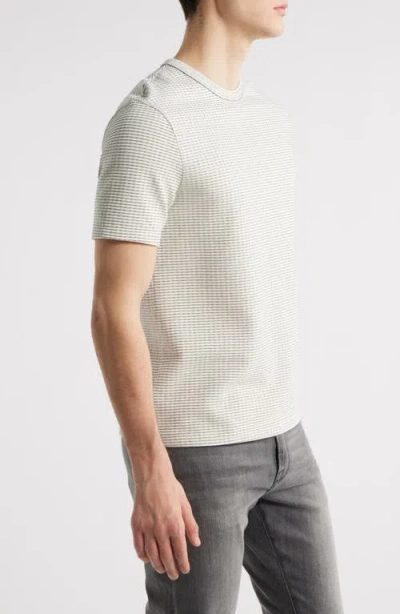 Frame Cotton Jacquard-stripe T-shirt In Gray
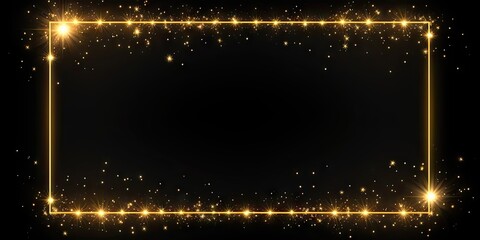 Wall Mural - Radiant gold sparkle frame on black background. Magical glowing effect. Golden shimmer. Abstract brightness in dark space. Elegant flare. Shining with luxury and glamour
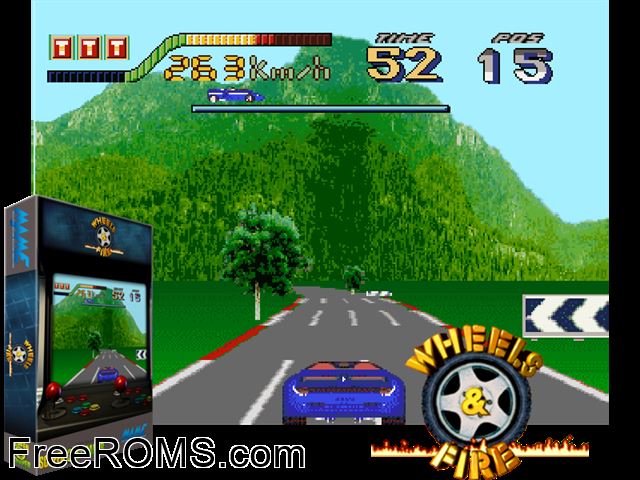 Wheels and Fire MAME game showing 3D box cover and gameplay screenshot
################
Exercise goal -> Each line above gets copied exactly; leave the pictures out.

Task result ->
 Frame Cotton Jacquard-stripe T-shirt In Gray
 Wall Mural - Radiant gold sparkle frame on black background. Magical glowing effect. Golden shimmer. Abstract brightness in dark space. Elegant flare. Shining with luxury and glamour
 Wheels and Fire MAME game showing 3D box cover and gameplay screenshot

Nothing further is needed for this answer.